▸ **About this exercise**:
Starting at the line that contains "エクセレンス横浜のその他|壁" and ending at the line that contains "Photo 4 of 2", the lines below are to be given again exactly, with nothing added.

▸ **Record excerpts**:
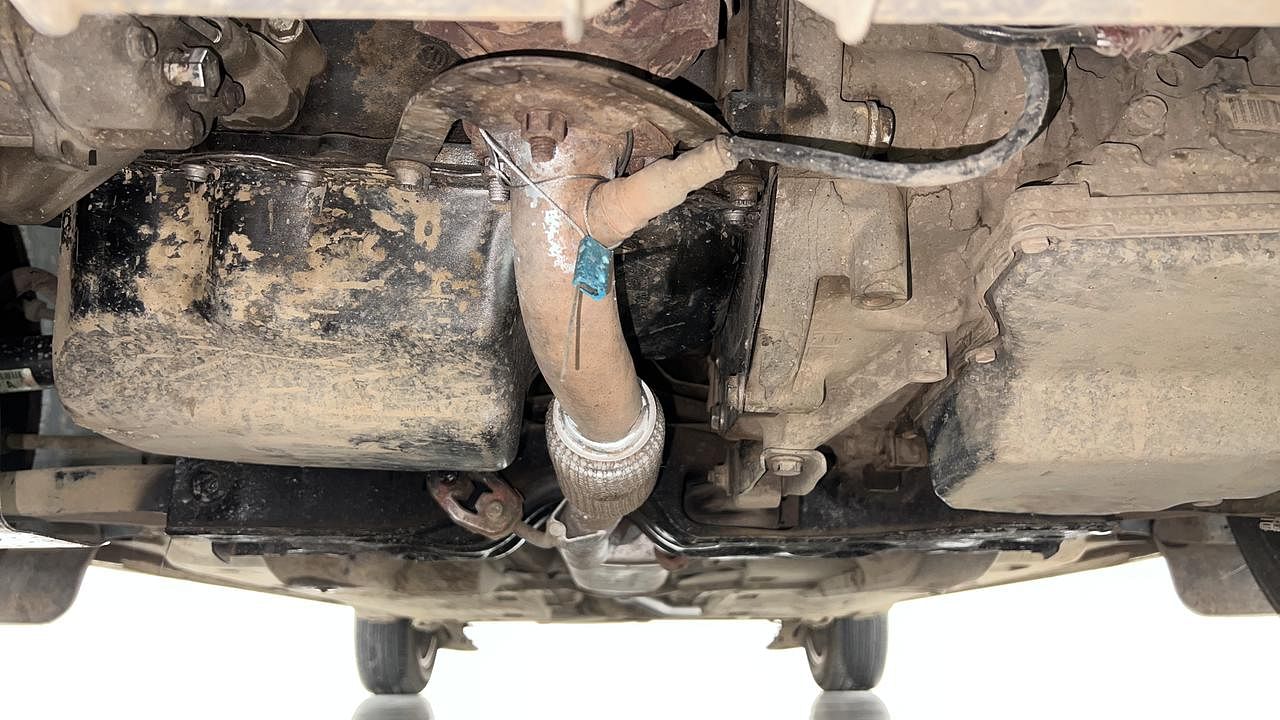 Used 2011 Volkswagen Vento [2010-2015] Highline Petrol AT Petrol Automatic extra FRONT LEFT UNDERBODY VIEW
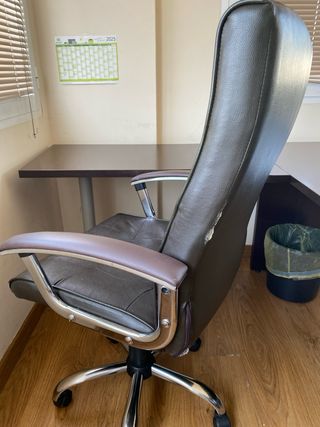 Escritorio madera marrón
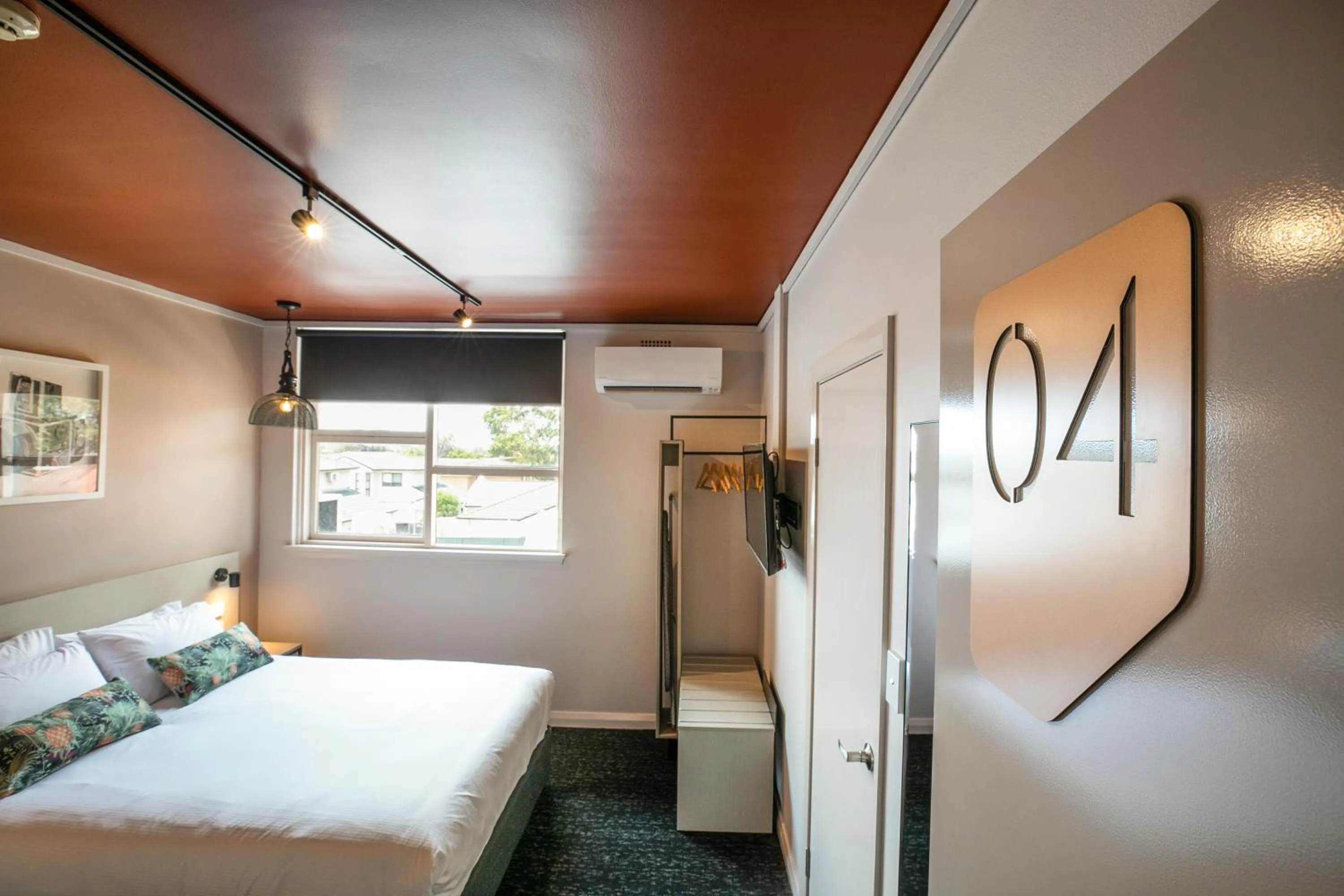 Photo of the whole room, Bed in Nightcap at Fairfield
--
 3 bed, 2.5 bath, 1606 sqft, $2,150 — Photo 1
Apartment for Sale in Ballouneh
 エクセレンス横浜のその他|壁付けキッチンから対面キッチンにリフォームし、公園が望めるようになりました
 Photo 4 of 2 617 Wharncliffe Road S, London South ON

▸ **Problem solution**:
 エクセレンス横浜のその他|壁付けキッチンから対面キッチンにリフォームし、公園が望めるようになりました
 Photo 4 of 2 617 Wharncliffe Road S, London South ON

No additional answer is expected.